By grepping modifier_if, you will find lex.c.blt has a table of keywords in the function rb_reserved_word.

#line 31 "defs/keywords"
      {gperf_offsetof(stringpool, 33), {keyword_if, modifier_if}, EXPR_VALUE},

parse.y

The lexer starts from yylex. It calls parser_yylex, which handles the symbols like +, -, etc. If the character is not a symbol, parse_ident is called.

parse_ident checks if a keyword begins from the current position with rb_reserved_word. The returned kw is a member of the table we've seen in lex.c.blt.

    /* See if it is a reserved word.  */
    kw = rb_reserved_word(tok(p), toklen(p));

In the case of if keyword, kw->id[0] corresponds to keyword_if and kw->id[1] corresponds to modifier_if.

Actually id has two values to distinguish keywords and modifiers. According to lex.c.blt, Ruby has five modifiers.

• x if y
• x unless y
• x while y
• x until y
• x rescue y

When an if is a modifier

This is the condition that distinguishes keyword_if and modifier_if. In short, an if is a keyword if the lexer state is EXPR_BEG; otherwise, it is a modifier.

            if (IS_lex_state_for(state, (EXPR_BEG | EXPR_LABELED)))
                return kw->id[0];
            else {
                if (kw->id[0] != kw->id[1])
                    SET_LEX_STATE(EXPR_BEG | EXPR_LABEL);
                return kw->id[1];
            }

The lexer state

Among the states of the lexer, EXPR_BEG, EXPR_END and EXPR_ARG are the most important. They decides operators like +, - is unary or binary. For example:

• 1 - 2: This is binary minus because the state is EXPR_END after the 1.
• foo(-1): This is unary minus because the state is EXPR_BEG after the (.

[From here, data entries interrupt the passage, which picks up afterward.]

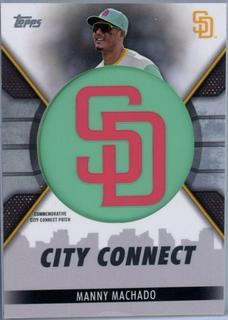 Manny Machado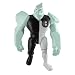 Ben 10 Alien Collection Diamondhead Action Figure 10cm (Loose)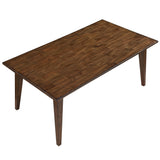  Steve Silver Furniture Canton CNT500T Dining Table IMAGE 3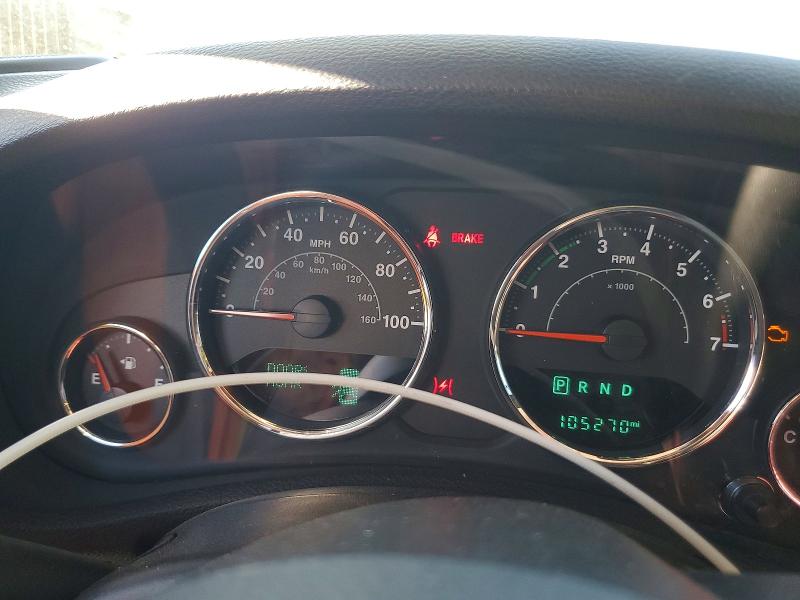 Продаж на аукціоні авто 2015 Jeep Wrangler, vin: 1C4BJWDG5FL723656, номер лоту: 59107096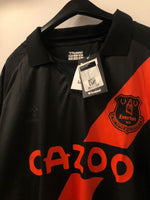 Everton 2021/22 - Away *BNIB*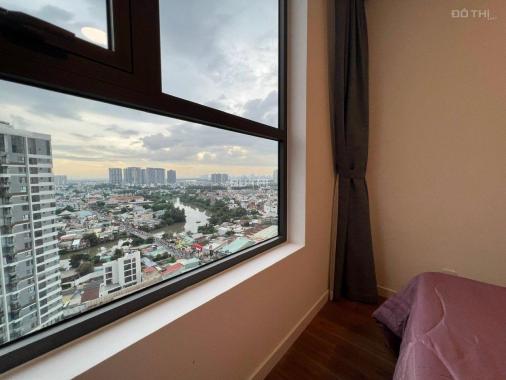Bán căn hộ Precia Riverside, Quận 2, Hồ Chí Minh diện tích 73m2 giá 4.2 tỷ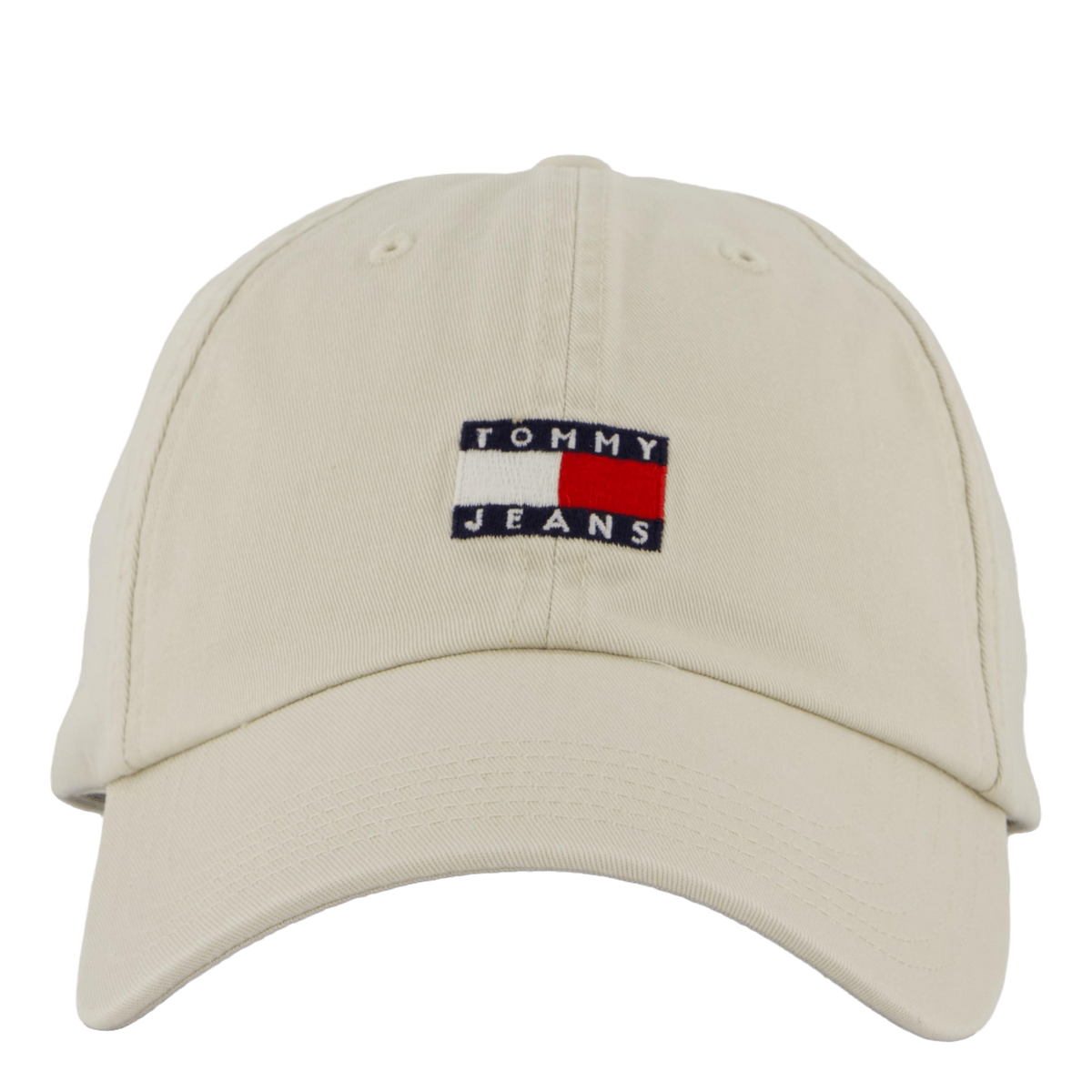 Tjm Heritage Cap Newsprint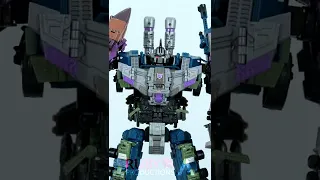 Bruticus Combined #shorts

EXPR_ARG is a bit tricky; On this state, the meaning of - changes by the space after it.

• foo - 1: binary minus
• foo -1: unary minus

What is interesting is that this rule is not so difficult for humans. The former "looks like" binary and the latter "looks like" unary. So you will actually never be bothered by this, unless you are implementing the parser.

keyword if and modifier if

Now you can tell an if is a keyword or modifier by checking the lexer state.

• foo() if ...: This is modifier_if because the state is EXPR_END after the ).
• foo(if ...): This is keyword_if because the state is EXPR_BEG after the (.
• foo if ...: This is modifier_if because the state is EXPR_ARG after the before if.

Why this matters to me

I think most Rubyists does not care about corner cases like this; However I needed to figure out this because I'm making my original programming language Shiika which has Ruby-like syntax.

As you've seen, parsing Ruby-like syntax is not easy, especially parsing method calls without parentheses. I'm happy if this entry helps someone who want to make a Rubyish language.